In addition to the chemical composition of the cluster, the stability, electronic structure, and functions of Aun(SR)m clusters change depending on the functional-group structure of the ligand.9,28–42 For example, it has been demonstrated that properties of Au25(SR)18, such as the stability in solution, reducibility, dissociation pattern under laser irradiation, quantum yield of photoluminescence, and catalytic activity, along with other properties, differ depending on the functional-group structure of the ligand. Therefore, the selection of the ligand functional group is essential in the functionalization of Aun(SR)m clusters. Although PET and TBBT are the most frequently used ligands when studying Aun(SR)m clusters, the effects of the ligand type (difference in functional group) on the electronic structure, stability, and function of Aun(SR)m clusters are not well-known. To obtain detailed information regarding the effects of these different uses, it is essential to synthesize Aun(SR)m clusters with the same number of metal atoms, number of ligands, and framework structure using PET and TBBT. However, no reports exist on the synthesis of the pair of Aun(SR)m clusters described above.
The difference in bulkiness of the functional groups of the two ligands is closely related to this reason. In general, the Aun(TBBT)m clusters are synthesized by replacing the PET ligand of the Aun(PET)m clusters with TBBT via a ligand-exchange reaction.43–46 Because TBBT has a bulky phenyl group next to S, unlike PET (Scheme S1†), an increase in the number of exchanged ligands in this reaction causes repulsion between the phenyl groups at the cluster surface, which result in stress induction on the framework structure of the cluster. As a result, ligand exchange from PET to TBBT causes changes in the chemical composition and framework structure of the cluster (Fig. 1(a)).43 Thus, it can be presumed that to synthesize the pair of Aun(SR)m clusters using PET and TBBT, it is necessary to use a cluster with a strong metal framework that can withstand the stress induced by repulsion between the ligands, as a precursor.
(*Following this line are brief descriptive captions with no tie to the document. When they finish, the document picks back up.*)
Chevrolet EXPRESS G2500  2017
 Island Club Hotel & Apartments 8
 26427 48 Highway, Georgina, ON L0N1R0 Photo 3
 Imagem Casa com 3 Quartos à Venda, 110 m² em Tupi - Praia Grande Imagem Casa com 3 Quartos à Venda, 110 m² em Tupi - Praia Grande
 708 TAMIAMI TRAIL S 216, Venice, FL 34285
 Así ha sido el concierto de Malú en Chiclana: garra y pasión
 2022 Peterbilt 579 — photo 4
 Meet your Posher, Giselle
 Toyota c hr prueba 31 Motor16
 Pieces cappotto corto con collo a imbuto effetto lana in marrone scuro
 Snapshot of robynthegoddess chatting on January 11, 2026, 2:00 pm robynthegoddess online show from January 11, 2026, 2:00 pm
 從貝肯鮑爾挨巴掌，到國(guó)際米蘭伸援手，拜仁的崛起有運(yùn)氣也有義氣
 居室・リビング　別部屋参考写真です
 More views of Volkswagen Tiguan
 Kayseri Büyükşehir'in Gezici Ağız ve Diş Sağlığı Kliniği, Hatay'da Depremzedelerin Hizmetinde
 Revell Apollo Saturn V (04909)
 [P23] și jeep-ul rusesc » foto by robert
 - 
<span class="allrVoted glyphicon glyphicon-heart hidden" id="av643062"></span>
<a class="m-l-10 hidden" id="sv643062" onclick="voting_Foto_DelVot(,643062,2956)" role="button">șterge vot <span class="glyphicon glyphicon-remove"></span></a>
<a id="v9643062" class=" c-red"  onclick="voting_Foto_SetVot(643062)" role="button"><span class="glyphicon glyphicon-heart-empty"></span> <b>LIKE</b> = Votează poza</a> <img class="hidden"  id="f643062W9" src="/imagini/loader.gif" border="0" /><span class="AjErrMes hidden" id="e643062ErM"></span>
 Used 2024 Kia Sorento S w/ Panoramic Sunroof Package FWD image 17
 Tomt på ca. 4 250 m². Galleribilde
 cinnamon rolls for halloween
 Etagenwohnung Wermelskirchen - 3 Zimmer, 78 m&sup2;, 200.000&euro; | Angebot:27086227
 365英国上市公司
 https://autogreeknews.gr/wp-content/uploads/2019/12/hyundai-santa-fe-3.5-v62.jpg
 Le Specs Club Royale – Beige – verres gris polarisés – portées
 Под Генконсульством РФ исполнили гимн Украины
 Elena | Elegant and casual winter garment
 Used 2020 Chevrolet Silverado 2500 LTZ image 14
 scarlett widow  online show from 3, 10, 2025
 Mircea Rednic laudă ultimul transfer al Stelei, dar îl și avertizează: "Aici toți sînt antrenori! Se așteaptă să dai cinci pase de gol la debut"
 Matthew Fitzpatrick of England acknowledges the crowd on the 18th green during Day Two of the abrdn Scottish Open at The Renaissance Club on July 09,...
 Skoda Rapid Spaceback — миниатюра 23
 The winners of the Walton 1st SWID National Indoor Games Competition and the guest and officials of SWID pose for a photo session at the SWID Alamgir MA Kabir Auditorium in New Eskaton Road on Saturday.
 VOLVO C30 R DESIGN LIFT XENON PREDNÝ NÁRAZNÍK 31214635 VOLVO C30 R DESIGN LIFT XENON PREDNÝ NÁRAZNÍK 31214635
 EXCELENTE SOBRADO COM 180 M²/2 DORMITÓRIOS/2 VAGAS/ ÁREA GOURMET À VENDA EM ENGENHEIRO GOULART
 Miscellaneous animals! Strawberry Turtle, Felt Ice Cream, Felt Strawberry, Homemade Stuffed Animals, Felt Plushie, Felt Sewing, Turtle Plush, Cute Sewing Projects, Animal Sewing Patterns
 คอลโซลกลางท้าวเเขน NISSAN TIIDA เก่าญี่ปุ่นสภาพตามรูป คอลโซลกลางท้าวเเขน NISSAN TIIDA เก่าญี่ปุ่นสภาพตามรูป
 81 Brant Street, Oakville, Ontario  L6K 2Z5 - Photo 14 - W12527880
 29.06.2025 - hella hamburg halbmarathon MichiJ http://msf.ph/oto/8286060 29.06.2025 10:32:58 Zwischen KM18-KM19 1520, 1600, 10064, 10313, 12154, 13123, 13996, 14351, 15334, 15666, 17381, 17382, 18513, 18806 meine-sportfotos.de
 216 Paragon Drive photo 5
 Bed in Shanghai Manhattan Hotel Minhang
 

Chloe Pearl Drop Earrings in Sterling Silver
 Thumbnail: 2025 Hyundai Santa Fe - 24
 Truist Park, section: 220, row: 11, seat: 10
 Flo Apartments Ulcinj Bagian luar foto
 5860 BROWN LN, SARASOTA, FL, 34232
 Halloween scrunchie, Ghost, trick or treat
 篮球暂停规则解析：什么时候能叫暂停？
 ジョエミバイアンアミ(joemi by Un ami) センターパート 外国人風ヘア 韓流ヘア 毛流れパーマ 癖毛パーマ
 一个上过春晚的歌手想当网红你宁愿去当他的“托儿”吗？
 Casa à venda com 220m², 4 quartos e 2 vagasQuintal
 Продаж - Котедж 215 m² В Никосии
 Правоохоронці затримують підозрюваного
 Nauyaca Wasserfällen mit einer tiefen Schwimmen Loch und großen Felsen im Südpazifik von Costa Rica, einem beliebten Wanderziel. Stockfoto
Previous studies have shown that when the central atom of Au25(SR)18 (SR = PET or 1-dodecanethioate) is replaced with palladium (Pd) or platinum (Pt) ([Au24M(SR)18]0; M = Pd or Pt), the framework structure of the cluster becomes stronger.47,48 Furthermore, recent studies have revealed that this type of central-atom substitution can create an electrochemical catalyst with a high hydrogen-generation ability.8,49
The purpose of this study was to: (1) synthesize metal clusters with the same number of metal atoms, number of ligands, and framework structure using PET and TBBT; and (2) elucidate the effect of the difference in functional groups between PET and TBBT on the cluster through a direct comparison of the geometrical/electronic structure and stability between the obtained pair of clusters (Fig. 1(b)). To this end, we exchanged the ligand of [Au24Pt(PET)18]0 from PET to TBBT. Consequently, we synthesized [Au24Pt(TBBT)18]0 with the same number of metal atoms, number of ligands, and framework structures as [Au24Pt(PET)18]0. We found that this ligand exchange is reversible unlike the case of other metal-core clusters. For the two [Au24Pt(SR)18]0 (SR = PET or TBBT) obtained in this way, we studied their geometrical/electronic structure and stability. We could clarify details on the effect of differences between the two functional groups on the geometrical structure, optical absorption, electrochemical properties, stability in solution, and that against laser irradiation.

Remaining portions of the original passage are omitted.